1. 05 12月, 2007 3 次提交
    • S
      futex: fix for futex_wait signal stack corruption · ce6bd420
      Steven Rostedt 提交于
      David Holmes found a bug in the -rt tree with respect to
      pthread_cond_timedwait. After trying his test program on the latest git
      from mainline, I found the bug was there too.  The bug he was seeing
      that his test program showed, was that if one were to do a "Ctrl-Z" on a
      process that was in the pthread_cond_timedwait, and then did a "bg" on
      that process, it would return with a "-ETIMEDOUT" but early. That is,
      the timer would go off early.
      
      Looking into this, I found the source of the problem. And it is a rather
      nasty bug at that.
      
      Here's the relevant code from kernel/futex.c: (not in order in the file)
      
      [...]
      smlinkage long sys_futex(u32 __user *uaddr, int op, u32 val,
                                struct timespec __user *utime, u32 __user *uaddr2,
                                u32 val3)
      {
              struct timespec ts;
              ktime_t t, *tp = NULL;
              u32 val2 = 0;
              int cmd = op & FUTEX_CMD_MASK;
      
              if (utime && (cmd == FUTEX_WAIT || cmd == FUTEX_LOCK_PI)) {
                      if (copy_from_user(&ts, utime, sizeof(ts)) != 0)
                              return -EFAULT;
                      if (!timespec_valid(&ts))
                              return -EINVAL;
      
                      t = timespec_to_ktime(ts);
                      if (cmd == FUTEX_WAIT)
                              t = ktime_add(ktime_get(), t);
                      tp = &t;
              }
      [...]
              return do_futex(uaddr, op, val, tp, uaddr2, val2, val3);
      }
      
      [...]
      
      long do_futex(u32 __user *uaddr, int op, u32 val, ktime_t *timeout,
                      u32 __user *uaddr2, u32 val2, u32 val3)
      {
              int ret;
              int cmd = op & FUTEX_CMD_MASK;
              struct rw_semaphore *fshared = NULL;
      
              if (!(op & FUTEX_PRIVATE_FLAG))

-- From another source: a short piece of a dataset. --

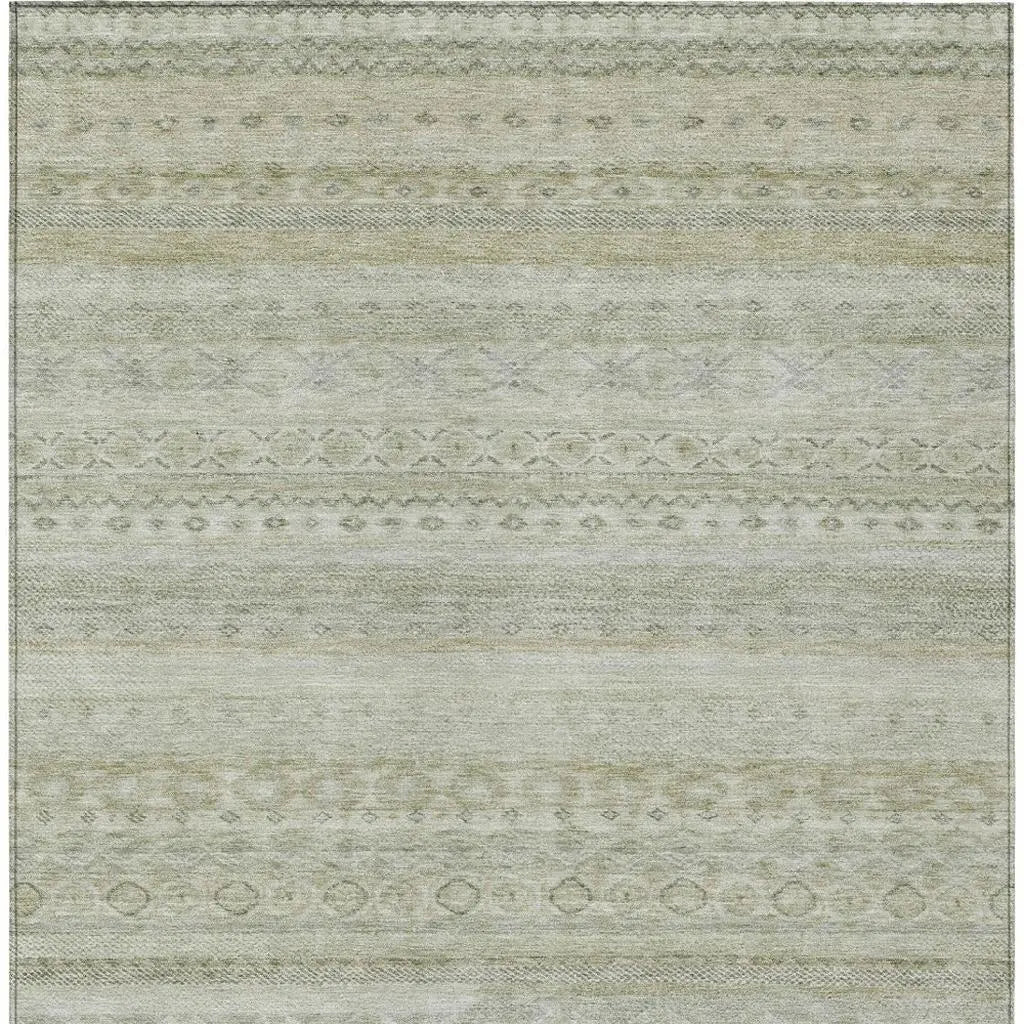 9' X 12' Beige And Brown Striped Washable Indoor Outdoor Area Rug Homeroots Outdoor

                      fshared = &current->mm->mmap_sem;
      
              switch (cmd) {
              case FUTEX_WAIT:
                      ret = futex_wait(uaddr, fshared, val, timeout);
      
      [...]
      
      static int futex_wait(u32 __user *uaddr, struct rw_semaphore *fshared,
                            u32 val, ktime_t *abs_time)
      {
      [...]
                     struct restart_block *restart;
                      restart = &current_thread_info()->restart_block;
                      restart->fn = futex_wait_restart;
                      restart->arg0 = (unsigned long)uaddr;
                      restart->arg1 = (unsigned long)val;
                      restart->arg2 = (unsigned long)abs_time;
                      restart->arg3 = 0;
                      if (fshared)
                              restart->arg3 |= ARG3_SHARED;
                      return -ERESTART_RESTARTBLOCK;
      [...]
      
      static long futex_wait_restart(struct restart_block *restart)
      {
              u32 __user *uaddr = (u32 __user *)restart->arg0;
              u32 val = (u32)restart->arg1;
              ktime_t *abs_time = (ktime_t *)restart->arg2;
              struct rw_semaphore *fshared = NULL;
      
              restart->fn = do_no_restart_syscall;
              if (restart->arg3 & ARG3_SHARED)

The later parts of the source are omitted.